Durante sus siete años de ejecución proyectada, se estima que este plan evitará la emisión de aproximadamente 1,8 millones de toneladas de dióxido de carbono al ambiente y mejorará la gestión de 15,8 millones de hectáreas. El radio de acción abarcará 25 áreas naturales protegidas y cuatro zonas de amortiguamiento, lo que representa cerca del 18 % de toda la Amazonía del país. Entre los territorios emblemáticos beneficiados por esta medida se encuentran el Parque Nacional del Manu, la Reserva Nacional Tambopata, el Santuario Histórico de Machupicchu y la Reserva Nacional Pacaya Samiria.
Un aspecto clave de este proyecto es su modelo de gobernanza compartida. La estrategia reúne al Gobierno peruano, el Ministerio del Ambiente, el Sernanp, Profonanpe, WWF y ocho organizaciones indígenas, entre las que destacan AIDESEP y CONAP. De manera articulada, Sernanp y Profonanpe liderarán el componente de mitigación mediante la gestión efectiva de las reservas, mientras que WWF Perú y las organizaciones indígenas tomarán las riendas de la adaptación climática aplicando prácticas productivas resilientes y soluciones basadas en los ecosistemas.
En términos de impacto social, las acciones beneficiarán directamente a más de 33 mil personas.

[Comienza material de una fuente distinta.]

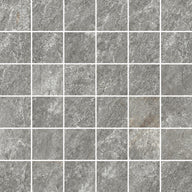 City Quarzia 2" x 2" Tile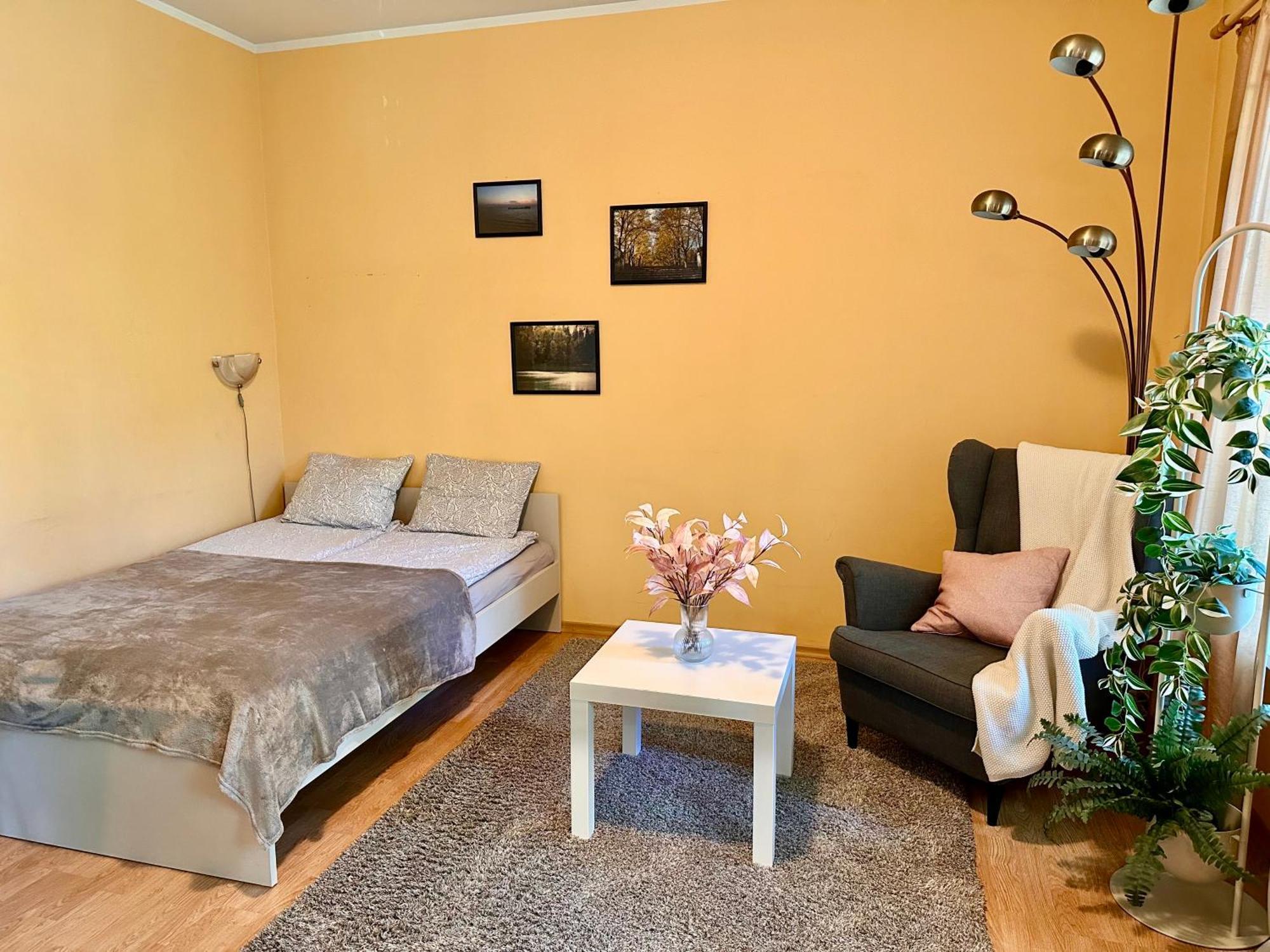Center Of City Apartments, Bus Station 1Min, Airport 5 Min ทาลลินน์ ภายนอก รูปภาพ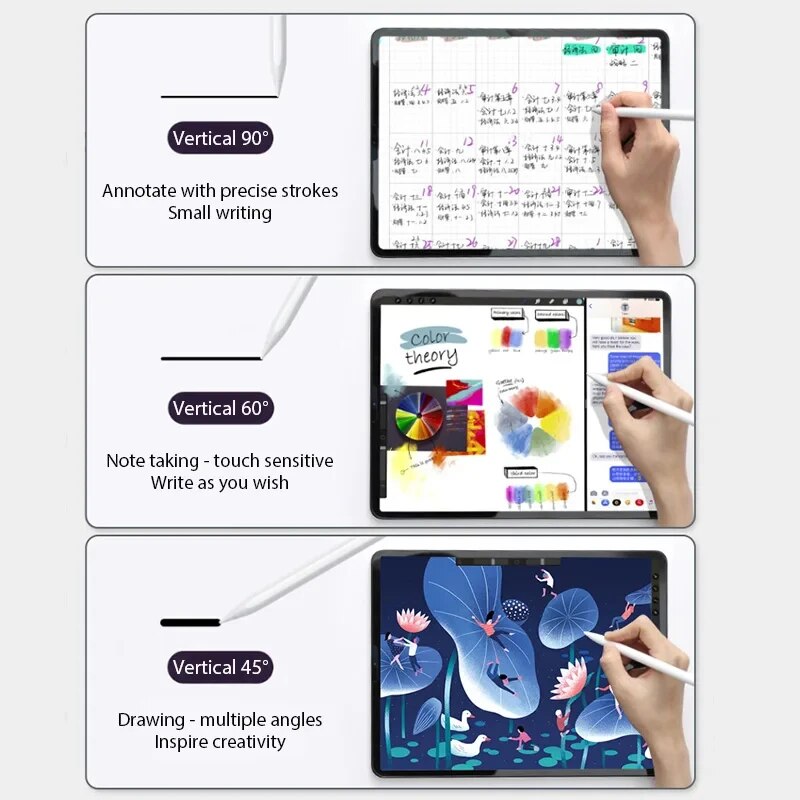 Universal Touch Screen Pen Sty – обзор и цена Ipad Pencil Stylus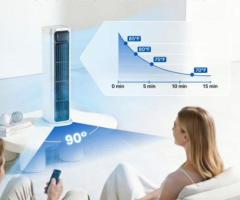 AirZuma Portable AC |Honest Review Before You Buy|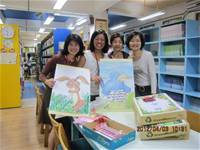 1010403神奇故事樹4-復活節小松鼠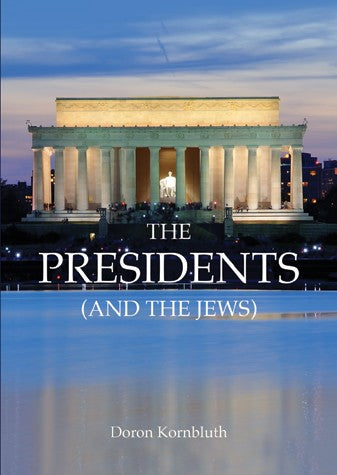 The Presidents (and the Jews) Pocket Paperback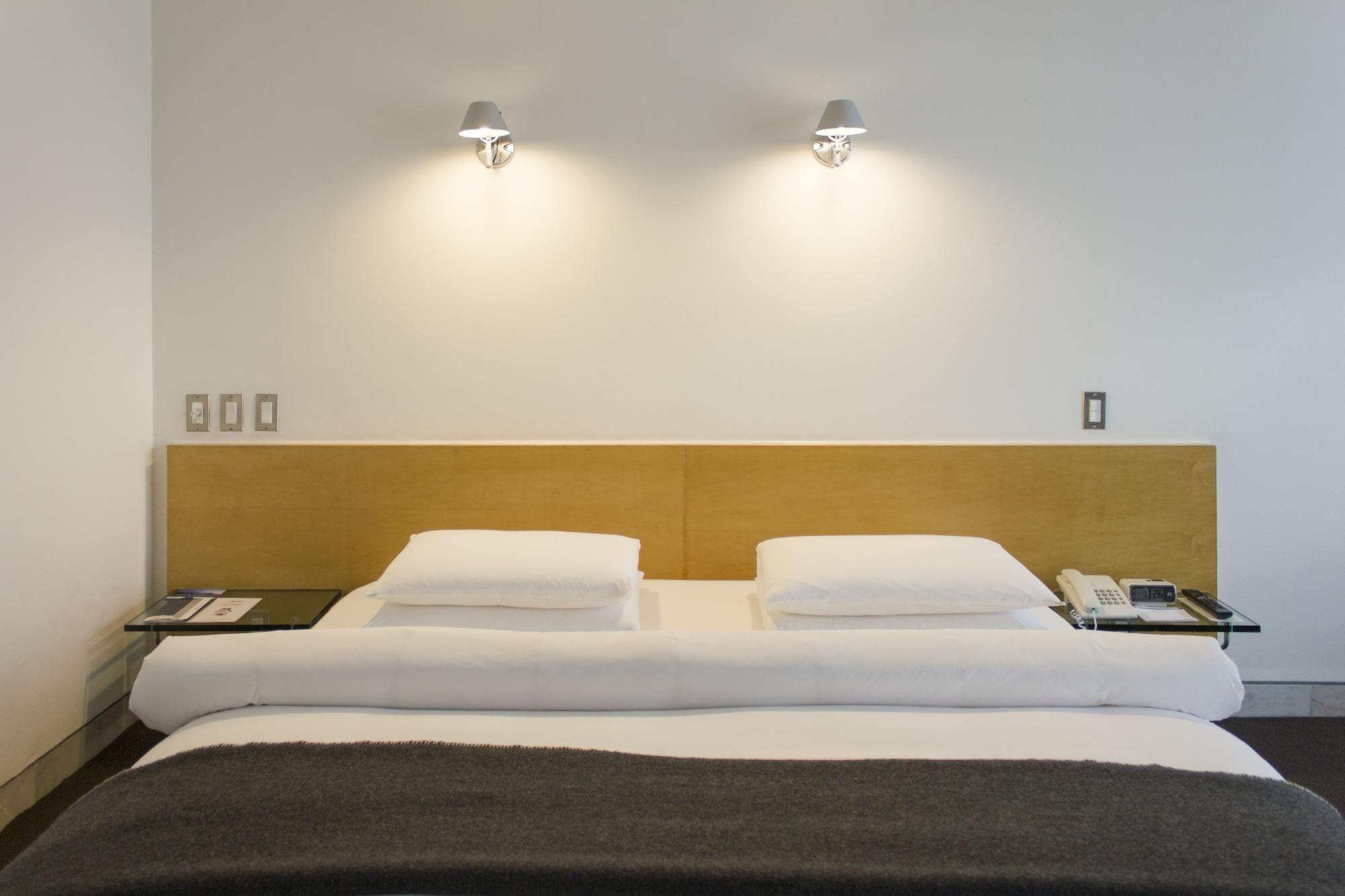 Hotel Habita Mexiko-Stadt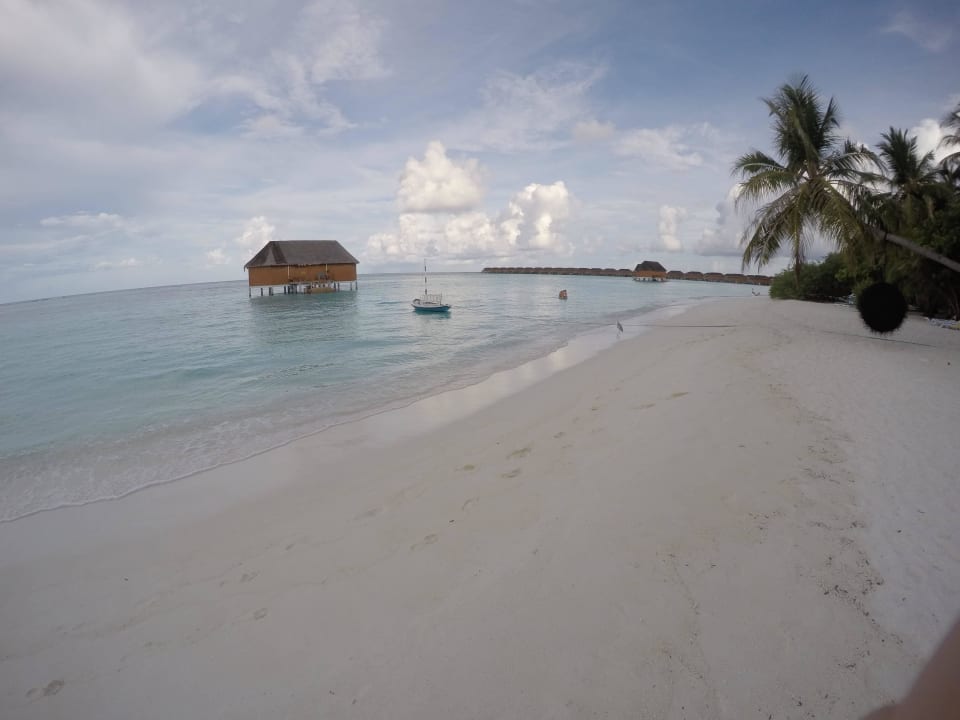 Strand  Meeru Maldives Resort Island
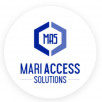 Logo Mari Access Solution Sp. z o.o. SPK.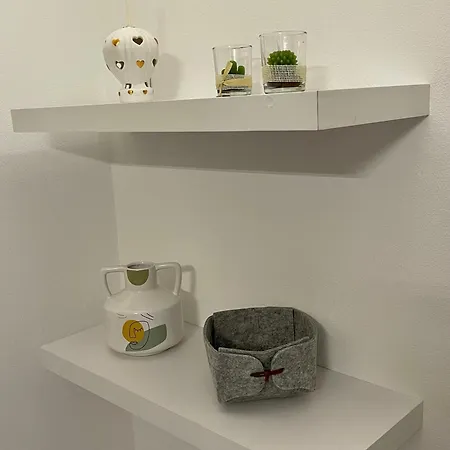 Casa Fralia 펜션 올비아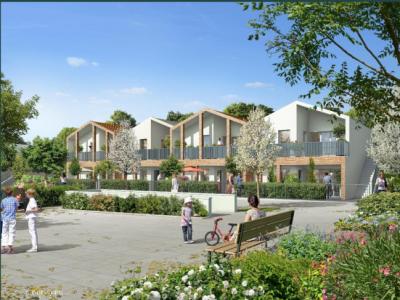 Location Appartement 2 pices BALMA 31130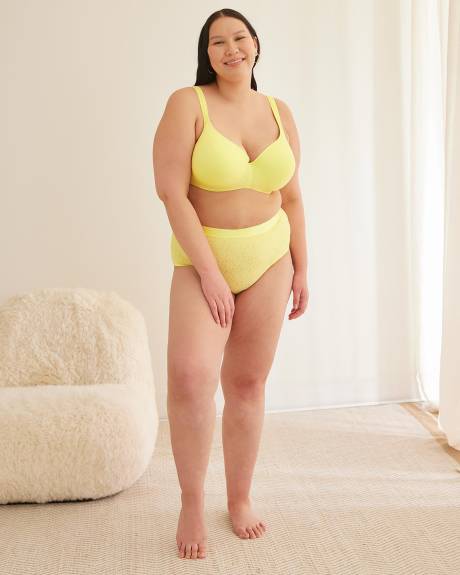 Culotte classique en microfibre - ti Voglio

Dentro de este grupo, cerca de 12 mil habitantes adoptarán estrategias productivas resilientes al clima, implementando soluciones en 30 comunidades indígenas de forma directa y favoreciendo a otras 162 comunidades de manera adicional. Jorge Pérez, presidente de AIDESEP, saludó la iniciativa destacando que la gestión y protección de la Amazonía es inviable sin los pueblos indígenas, quienes durante generaciones han cuidado esos territorios y hoy exigen que dicho rol sea plenamente valorado y retribuido.
Más allá de la inyección inmediata de capital, el proyecto apunta a garantizar el futuro del bosque bajo el modelo "Project Finance for Permanence" (PFP). Esta estructura permitirá cerrar una brecha financiera estimada en 5,3 millones de dólares anuales para el sistema nacional de áreas protegidas. Adicionalmente, el financiamiento contempla asegurar flujos económicos durante los próximos 25 años a través de ingresos por turismo, pagos por servicios ecosistémicos relacionados con el agua y esquemas de compensación ambiental, con la ambiciosa proyección de movilizar 131 millones de dólares adicionales a largo plazo.